Гласность не была гомункулюсом, выведенным в пробирке. Гласность была тем ребенком, которым была беременна наша страна даже в самые страшные времена, и этого ребенка не смогли выбить из чрева никакие чекистские сапоги, как они это сделали в тридцать седьмом году с ребенком беременной ленинградской поэтессы Ольги Берггольц. Удары по чреву, в котором была еще нерожденная гласность, не могли не деформировать ее еще до рождения. Появившийся на божий свет слишком переношенный ребенок был хилый, внушающий опасения, что не выживет. День смерти Сталина стал днем рождения гласности. Но Сталин оказался еще живым и после своей смерти и умирал медленно, иногда притворно – и до конца не умер до сих пор. Отравленное дыхание тирана проникало в легкие младенца, разъедало их. Воздух «оттепели» – это дыхание новорожденного младенца, смешанное с дыханием еще не окончательно умершего тирана. Младенец был слаб

в мышцах, хрупок в кости, но одно у него оказалось сильным – это голос. Младенец заорал так, что стал слышен не только на всю страну, но и за ее пределами. Младенец закричал не просто, а рифмованно. Крик шел стихами.
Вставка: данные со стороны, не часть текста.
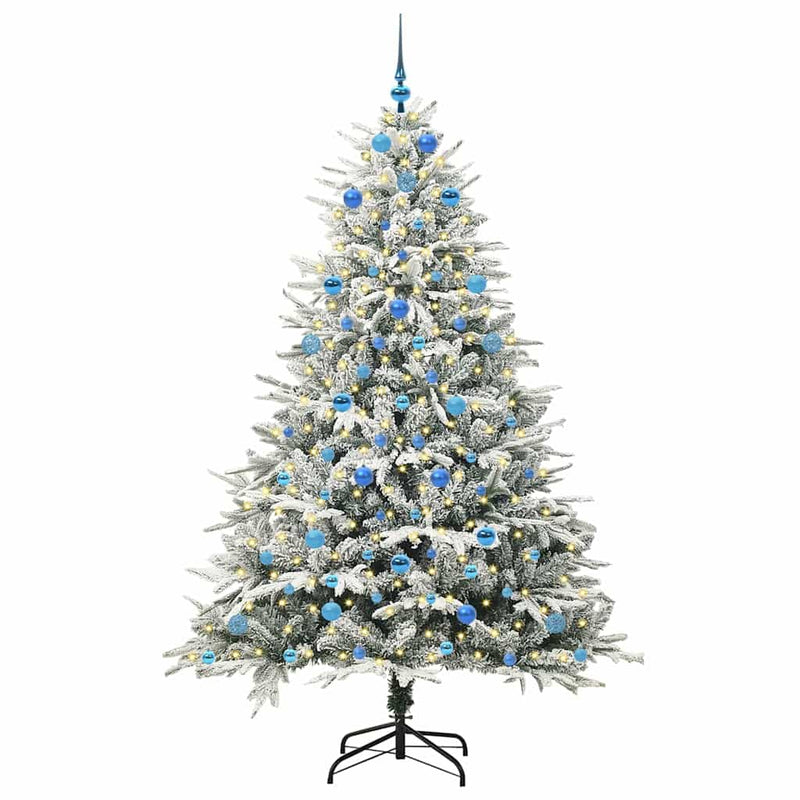 Afbeelding laden in galerijviewer, Vidaxl artificial pre-lit kerstboom met ballenset groen 210 cm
Ранняя поэзия моего поколения – это колыбель гласности. В пятьдесят третьем году двадцатилетний поэт с сибирской станции Зима начал впервые осмысливать сразу две трагедии: трагедию Второй мировой войны и трагедию войны Сталина и его приспешников против собственного народа. Конечно, это осмысление не могло быть глубоким из-за недостатка внутренней зрелости самого поэта и недостатка точной информации. Осмысление первоначально было половинчатым, потому что этого поэта в течение всего его детства воспитывали в духе любви к «лучшему другу советских детей». Этот поэт, будучи подростком, сам посвящал свои наивные детские стихи Сталину, плакал, когда он умер. Откуда же возник в этом поэте антисталинизм? Только ли после смерти Сталина? Нет, как ни парадоксально, этот антисталинизм был и раньше, но он сосуществовал в юной душе параллельно со сталинизмом. Даже дети тех времен не могли не видеть арестов, подхалимства перед вождем и повального страха. Инстинкт страха проникал внутрь детей, заставляя их не думать обо всех преступлениях, которые творились вокруг. Но инстинкт правды оказался сильней инстинкта страха. Смерть Сталина рассвободила инстинкт правды.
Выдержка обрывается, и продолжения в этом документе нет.